> [INPUT DATA]
----------------------------------------

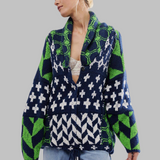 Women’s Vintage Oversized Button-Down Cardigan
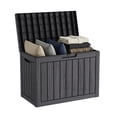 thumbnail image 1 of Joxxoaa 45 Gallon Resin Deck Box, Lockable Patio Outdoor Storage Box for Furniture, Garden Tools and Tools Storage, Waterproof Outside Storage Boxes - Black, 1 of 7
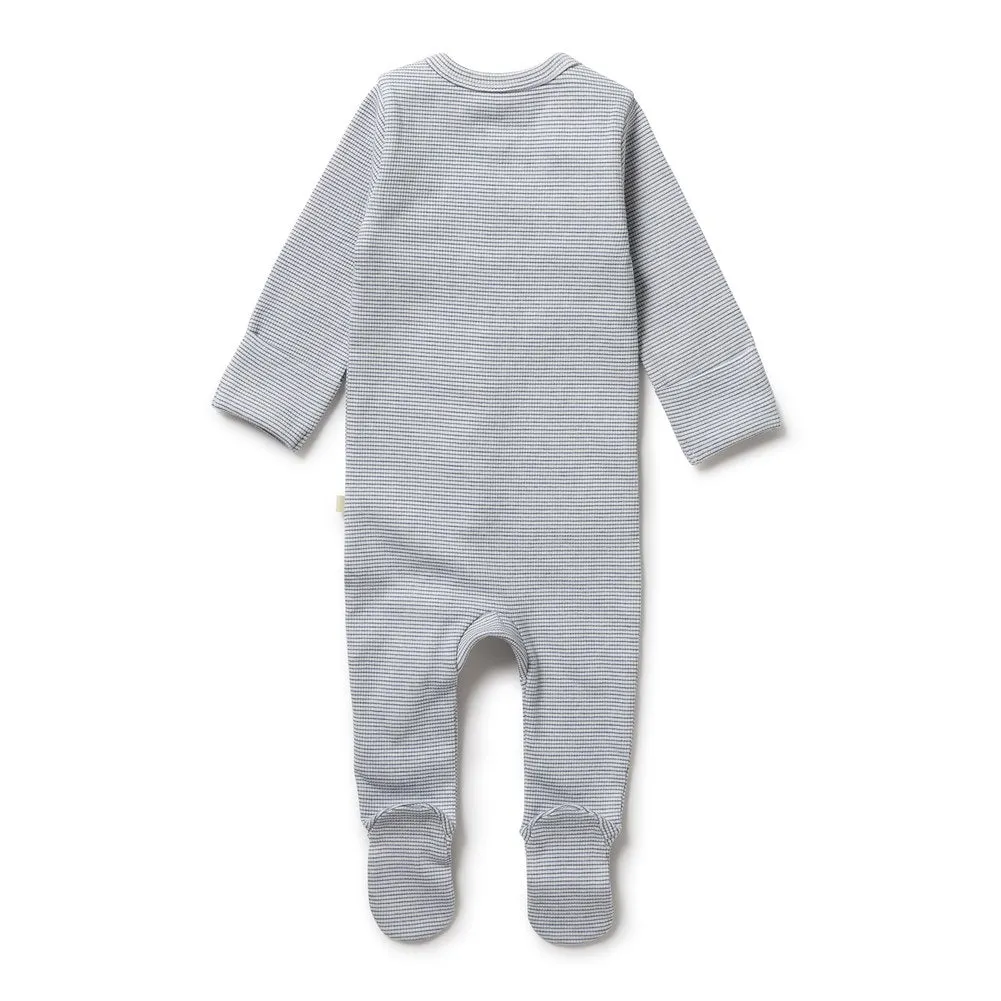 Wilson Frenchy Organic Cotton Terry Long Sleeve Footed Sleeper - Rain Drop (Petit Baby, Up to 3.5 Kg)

----------------------------------------

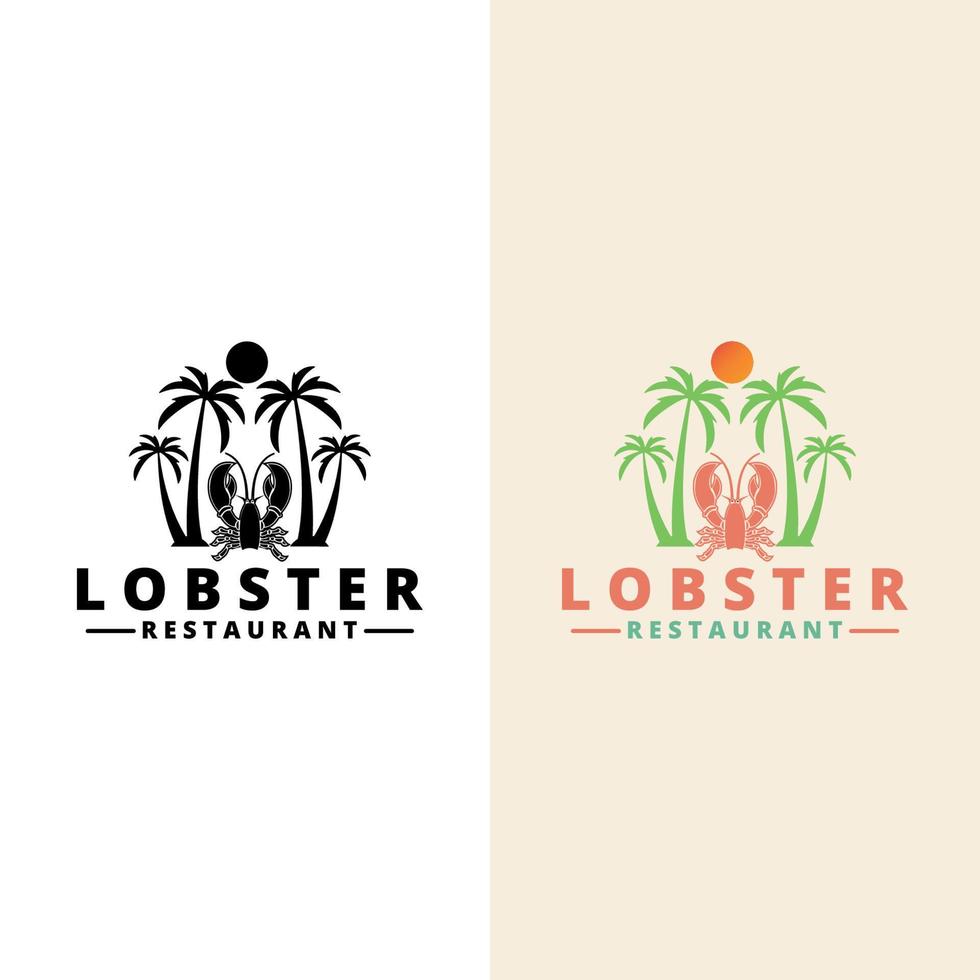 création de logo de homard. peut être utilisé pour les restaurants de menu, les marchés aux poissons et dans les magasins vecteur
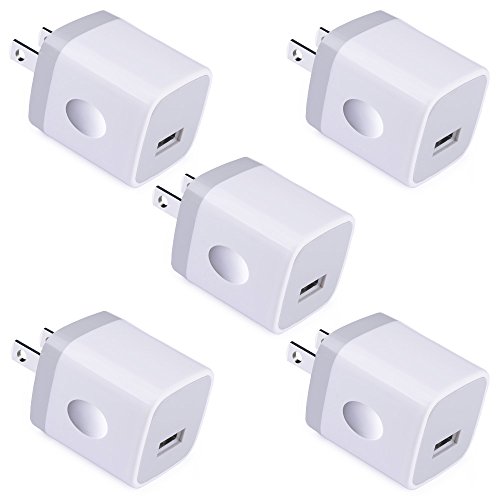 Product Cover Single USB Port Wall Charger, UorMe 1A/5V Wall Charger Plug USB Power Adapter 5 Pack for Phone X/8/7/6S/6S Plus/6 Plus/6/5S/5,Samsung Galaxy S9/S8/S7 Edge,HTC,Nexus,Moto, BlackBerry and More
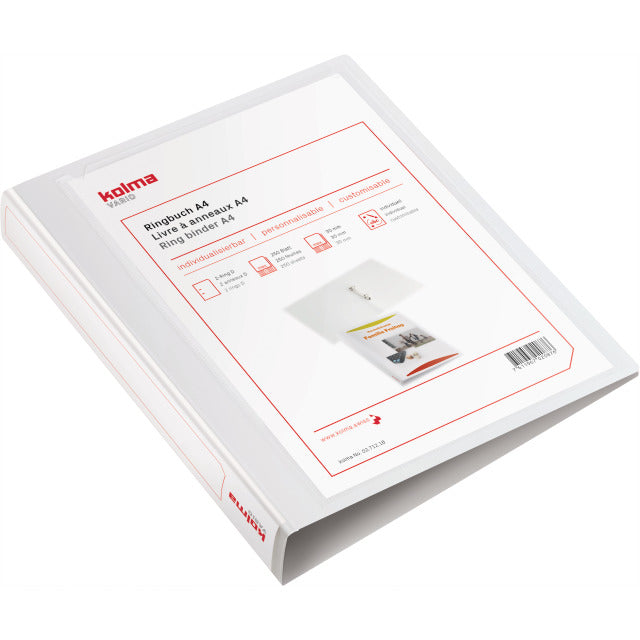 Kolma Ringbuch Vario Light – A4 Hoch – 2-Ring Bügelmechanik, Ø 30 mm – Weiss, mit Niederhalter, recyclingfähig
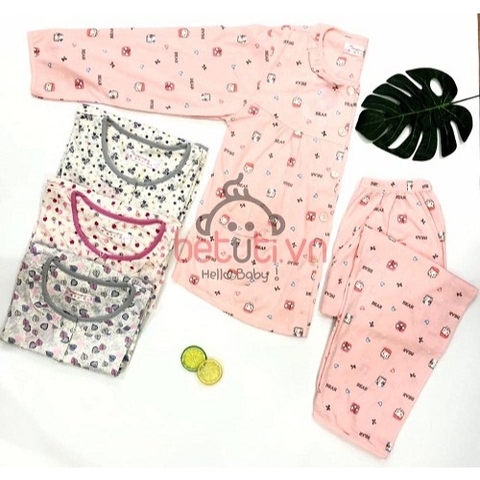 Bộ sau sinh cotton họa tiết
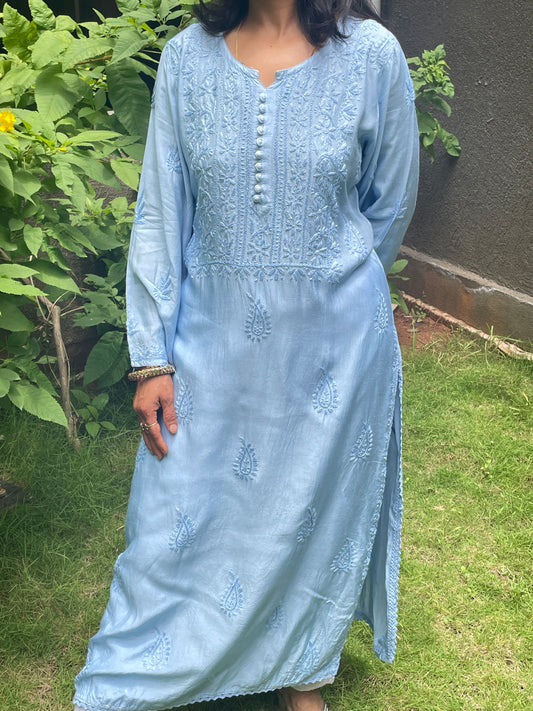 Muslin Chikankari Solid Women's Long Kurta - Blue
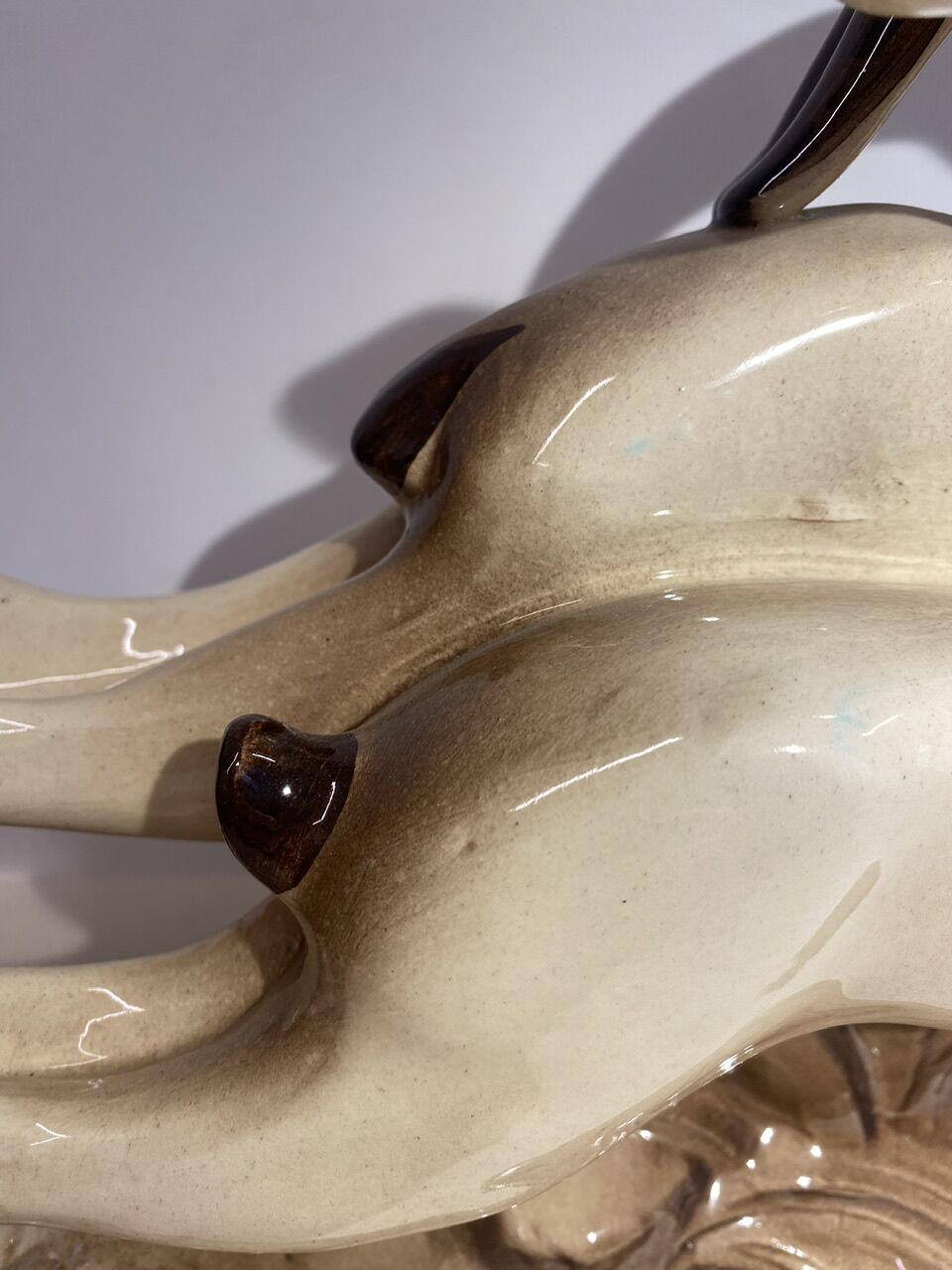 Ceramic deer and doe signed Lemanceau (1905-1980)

----------------------------------------

> [EXERCISE DETAILS]
Give again the stretch of lines above from the one with "Women’s Vintage Oversized" through the one with "Wilson Frenchy Organic", both ends kept, and copy no pictures.

> [OUTPUT OF THE TASK]
 Women’s Vintage Oversized Button-Down Cardigan
 thumbnail image 1 of Joxxoaa 45 Gallon Resin Deck Box, Lockable Patio Outdoor Storage Box for Furniture, Garden Tools and Tools Storage, Waterproof Outside Storage Boxes - Black, 1 of 7
 Wilson Frenchy Organic Cotton Terry Long Sleeve Footed Sleeper - Rain Drop (Petit Baby, Up to 3.5 Kg)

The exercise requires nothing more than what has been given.